Township in Pennsylvania, US

Burlington Township is a township in Bradford County, Pennsylvania, United States. It is part of Northeastern Pennsylvania. The population was 677 at the 2020 census. Children residing in the township are assigned to attend the Troy Area School District.

==Geography==
Burlington Township is located in central Bradford County and is bordered by Smithfield Township to the north, Ulster Township to the northeast, North Towanda and Towanda townships to the east, Monroe Township touching the southeastern corner, Franklin Township to the south and West Burlington Township to the west. The borough of Burlington is bordered on the north, east, and south by Burlington Township and by West Burlington Township to the west.

U.S. Route 6 passes through the center of the township, following the valley of Sugar Creek, a tributary of the Susquehanna River. US 6 leads east to Towanda and west through Burlington borough to Troy.

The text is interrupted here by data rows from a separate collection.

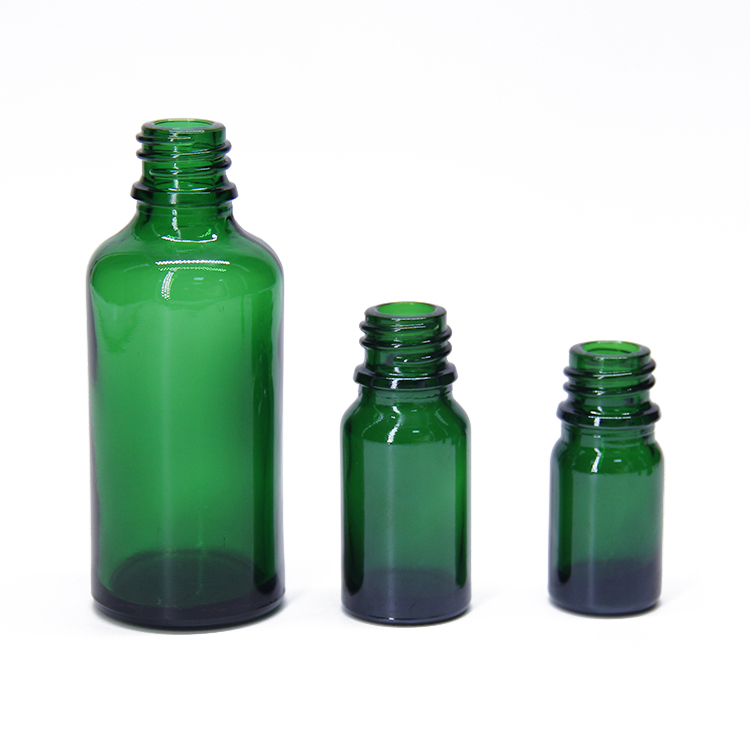 5, 10,15, 20, 30, 50, 100 ml Green essential oil/ vape/ olive oil/ perfume glass bottles with caps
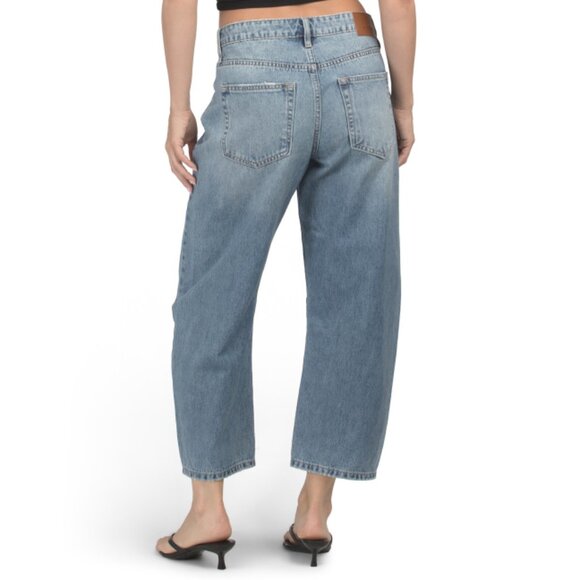 HIDDEN Medium Dark Wash Cropped Barrel Jeans - Picture 2 of 2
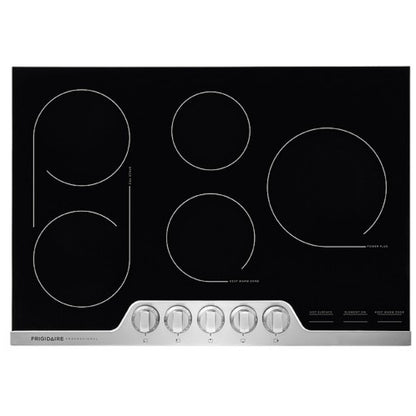 Frigidaire Professional FPEC3077RF Electric Cooktop, 30 inch Exterior Width, 5 Burners, 3,200 W Highest Element, Stainless Steel colour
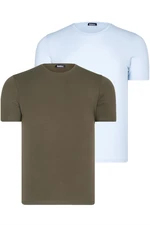 DUAL SET T8569 DEWBERRY BIKE COLLAR MENS T-SHIRT-BLUE-KHAKI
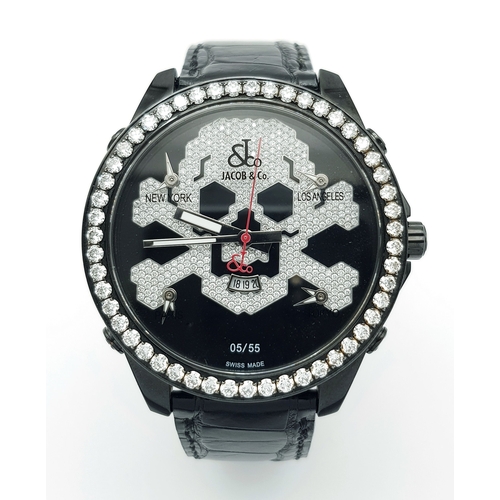 101 - A Jacob and Co. Five Time, Skull Limited Edition Quartz Gents Watch. Black leather strap with black ... 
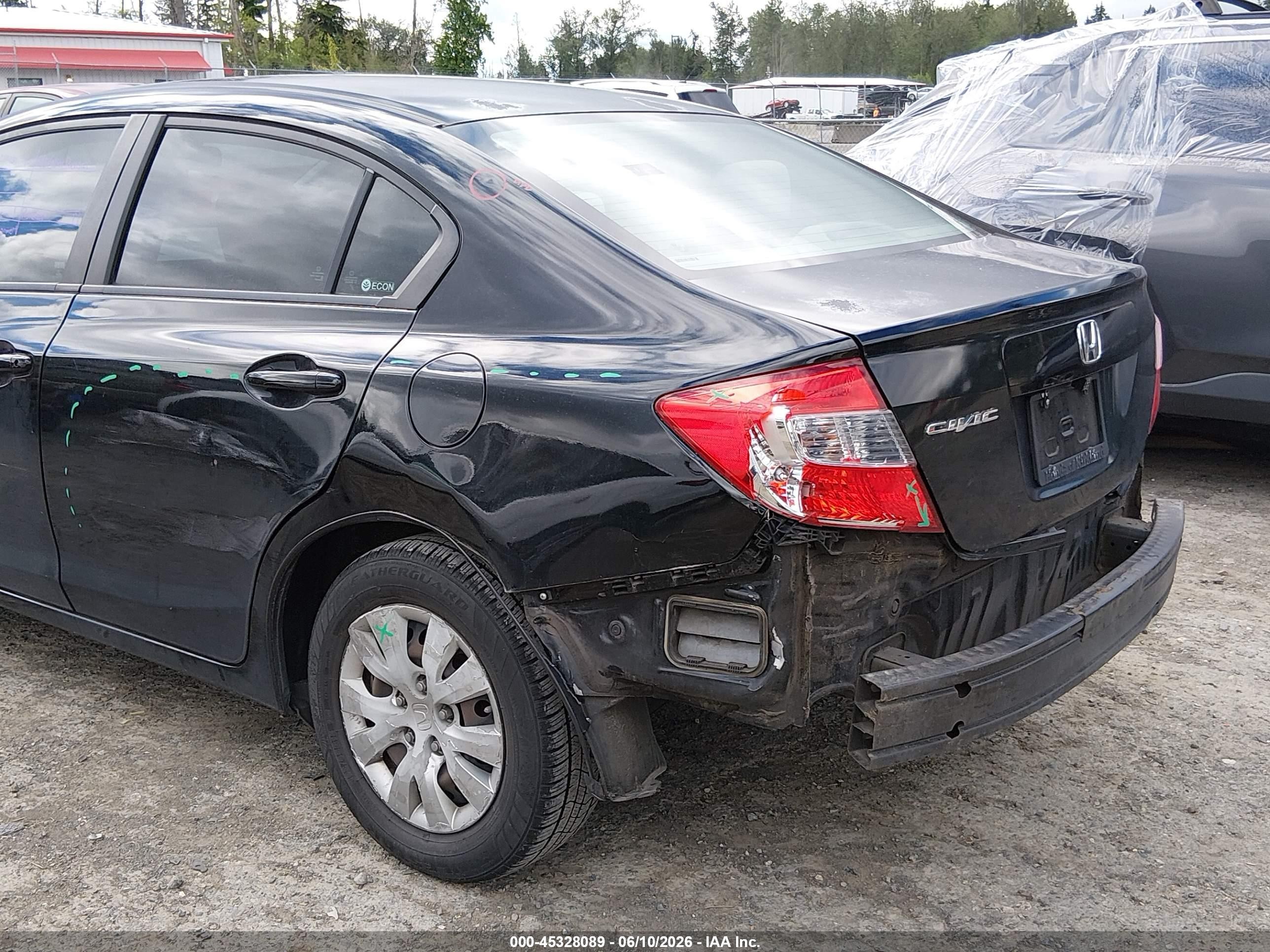 2012 Honda Civic Lx Black vin: 2HGFB2F5XCH604899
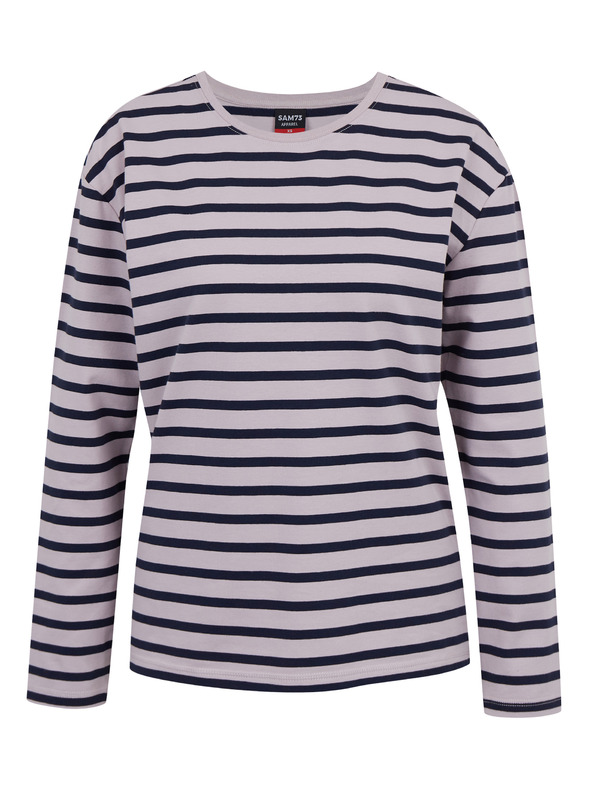 Sam 73 Modra in rožnata ženska črtasta majica z dolgimi rokavi SAM 73 Prudence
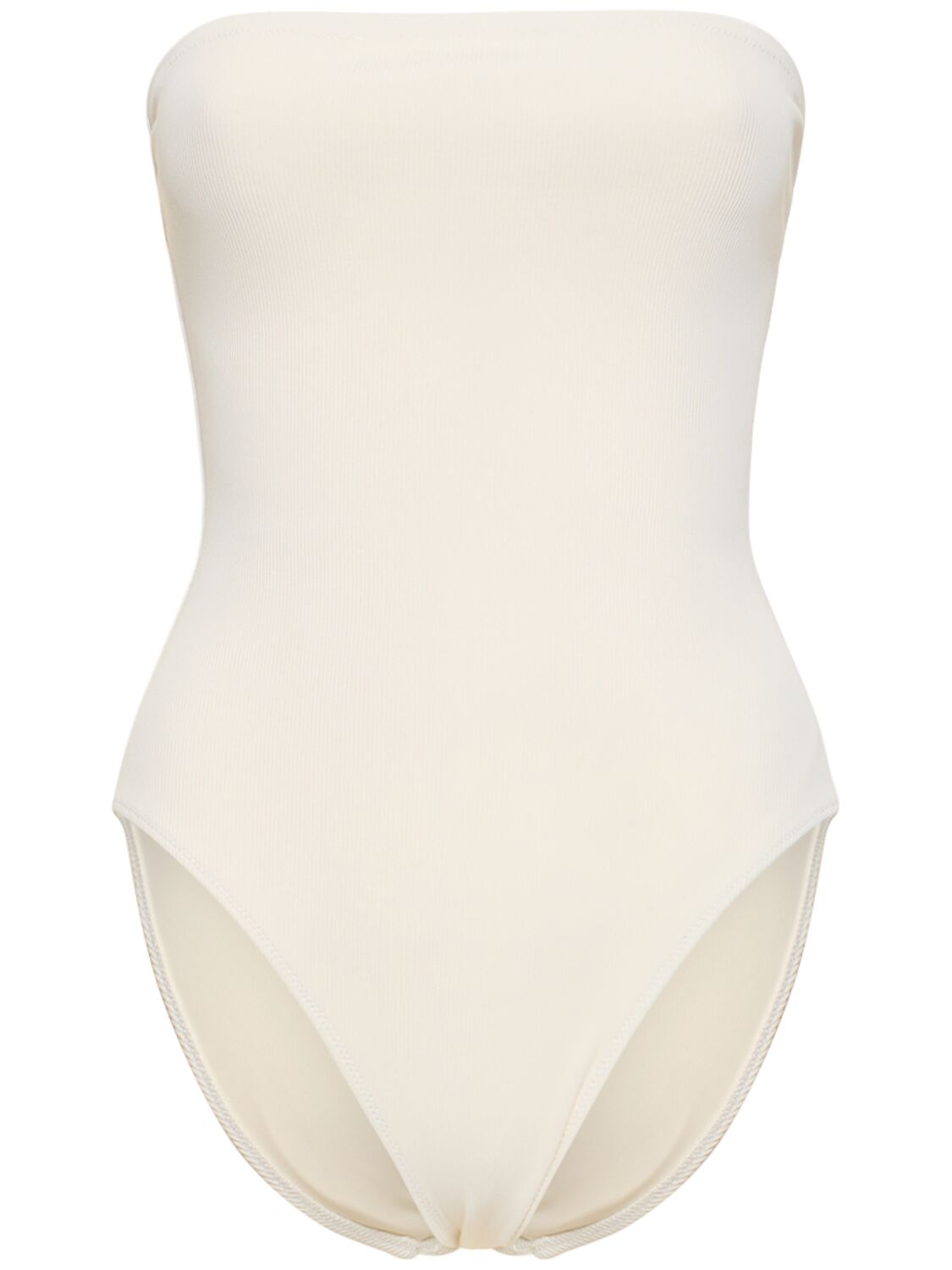 Shop Lido Sedici Strapless One Piece Swimsuit In Ivory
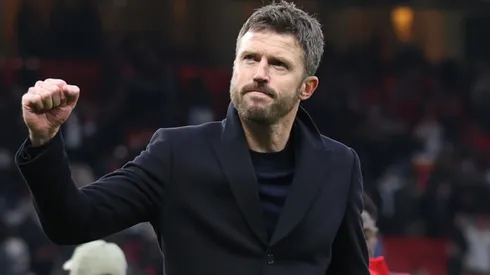 Michael Carrick, Manager of Manchester United acknowledges the fans.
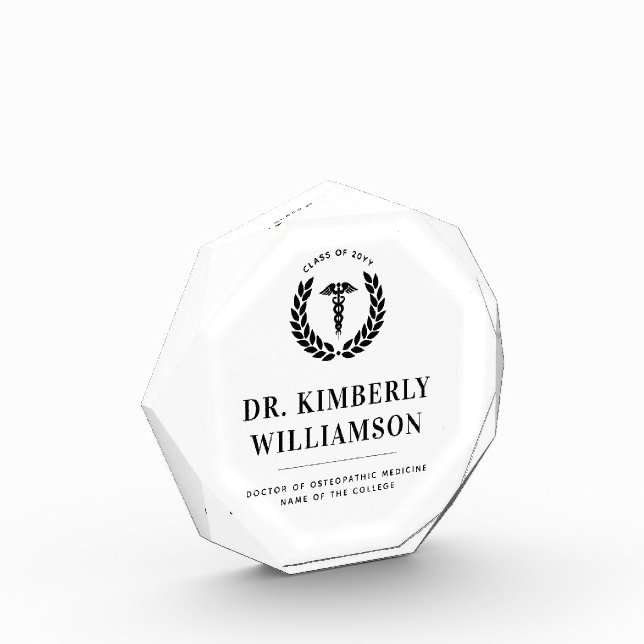 Personalised Modern Medical School Graduation Photo Block (Left)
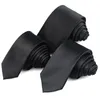 Classic Black Ties for Men Silk Mens Neckties Wedding Party Business Adult Neck Tie 3 Sizes Casual Solid 240122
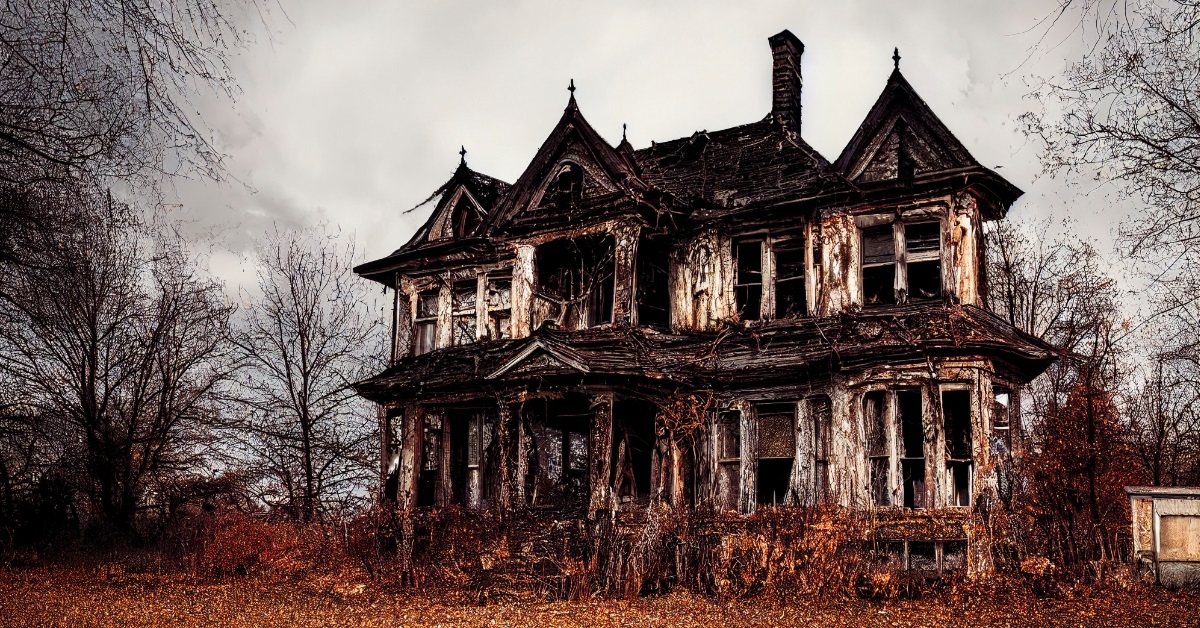 worn-down abandoned home during fall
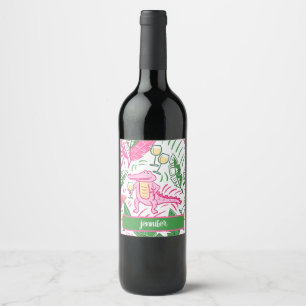 Alligator Wine Pink Green Preppy Personalised Label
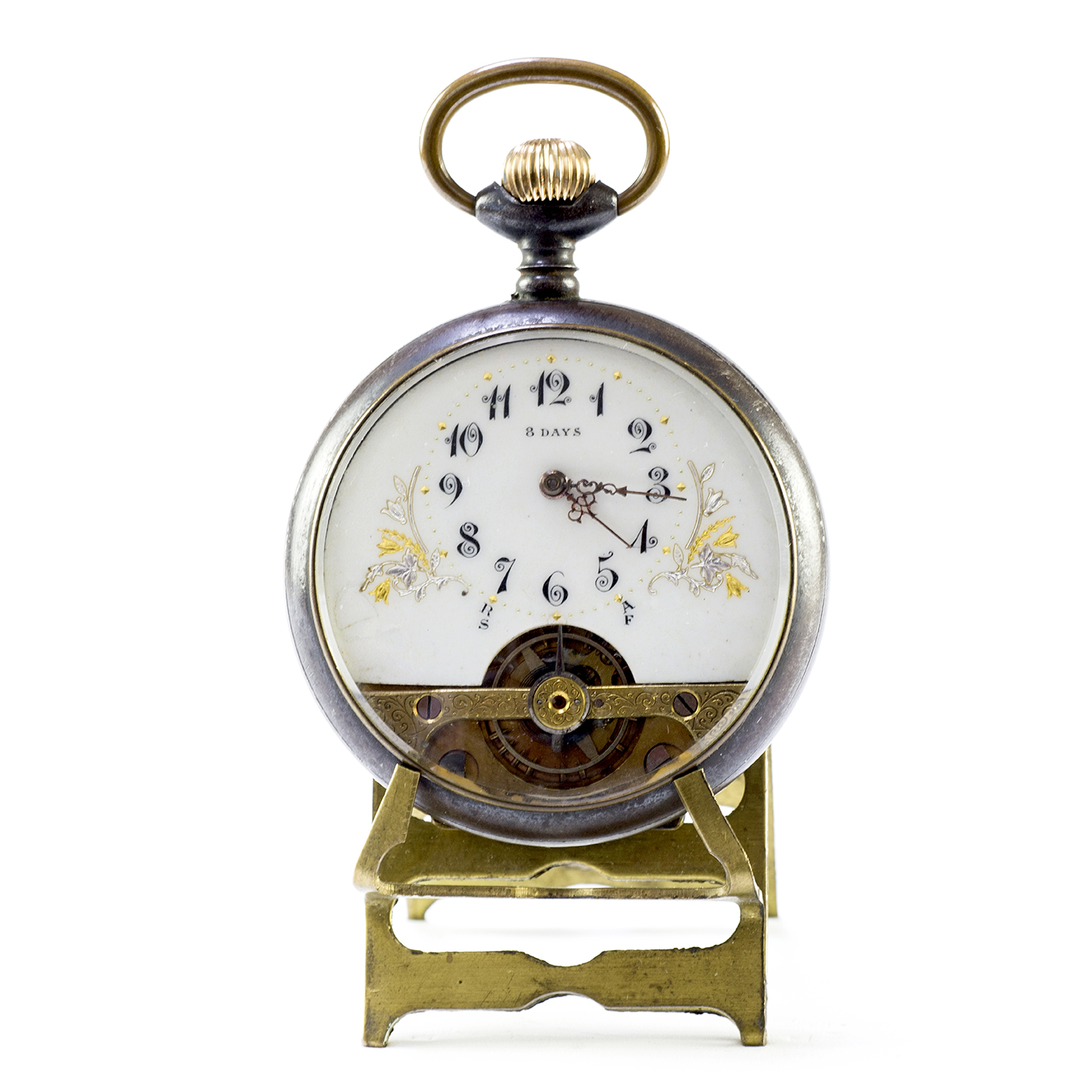 HEBDOMAS. Reloj de Bolsillo, Lepine, remontoir, Ocho días Cuerda. Suiza, ca. 1900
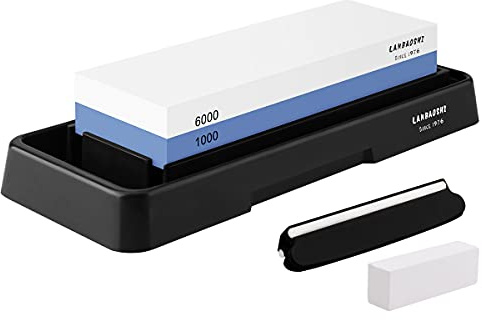 Knife Sharpening Stone Set,Whetstone Dual Sided 1000/6000 Grit Waterstone with Angle Guide Non Slip Rubber Base Holder, Knife Sharpeners Tool Kit for Kitchen Hunting (Blue + black)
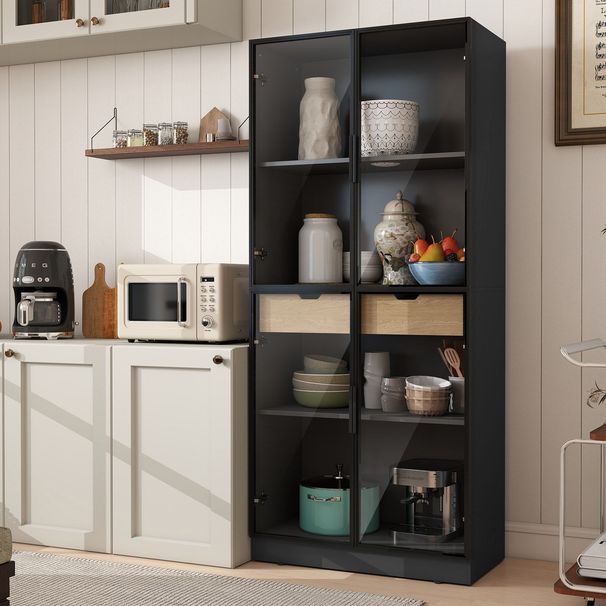 Display Cabinet With Glass Doors, Tall Storage Cabinet With 3 Color Lights, Curio Display Case With 4-Tier Storage Shelves And Drawer For Collectibles, Living Room, Home Office_maomaolike.com
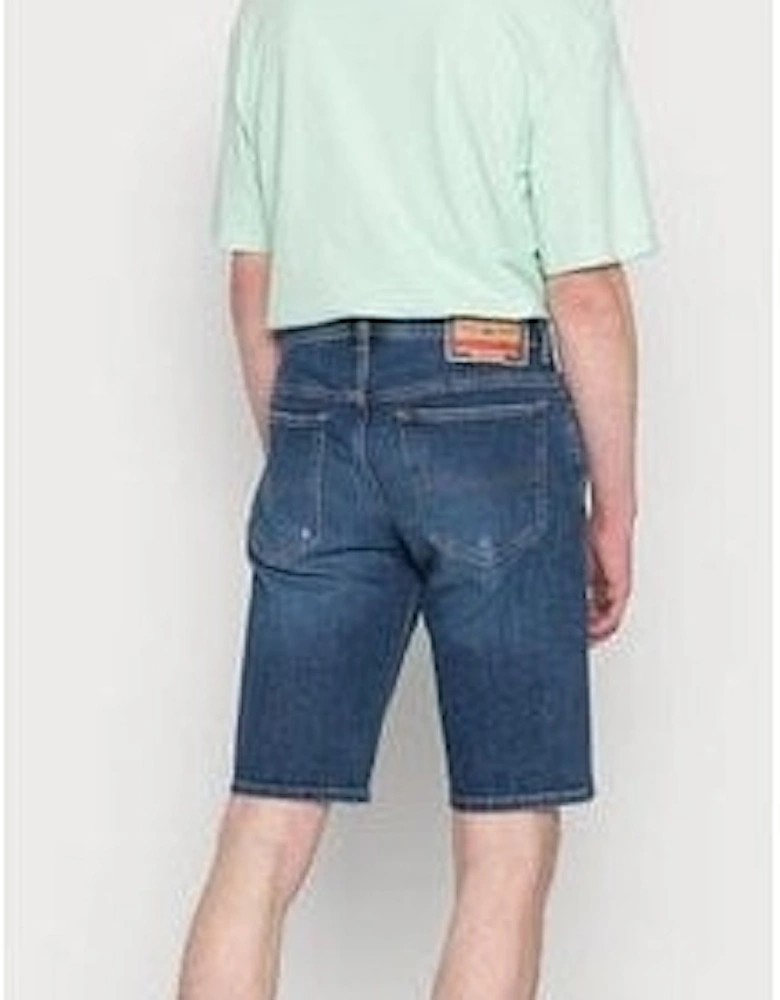 09E07 Distressed Blue Denim Shorts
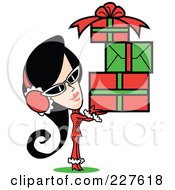 Retro Woman Wearing A Santa Suit And Carrying A Pile Of Christmas Gifts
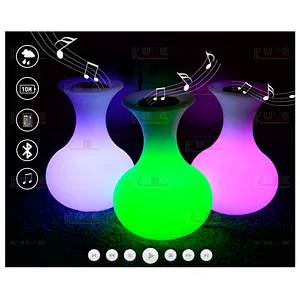 Vase shape decoration table light glowing speaker bluetooth music speaker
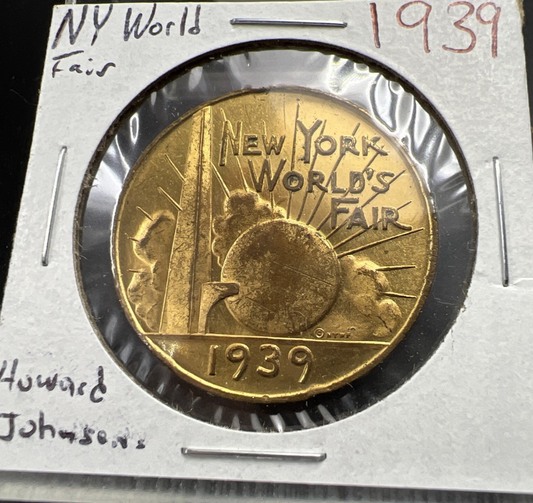1939 NY World's Fair Howard Johnson Token XF / AU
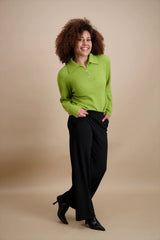Pull uni vert col polo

According to the United States Census Bureau, the township has a total area of 65.5 km2, of which 64.9 km2 is land and 0.6 km2, or 0.84%, is water.

==Demographics==

As of the census of 2000, there were 799 people, 297 households, and 226 families residing in the township. The population density was 31.8 PD/sqmi. There were 385 housing units at an average density of 15.3/sq mi (5.9/km^{2}). The racial makeup of the township was 98.75% White, 0.13% African American, 0.13% Native American, 0.13% Asian, and 0.88% from two or more races. Hispanic or Latino of any race were 0.38% of the population.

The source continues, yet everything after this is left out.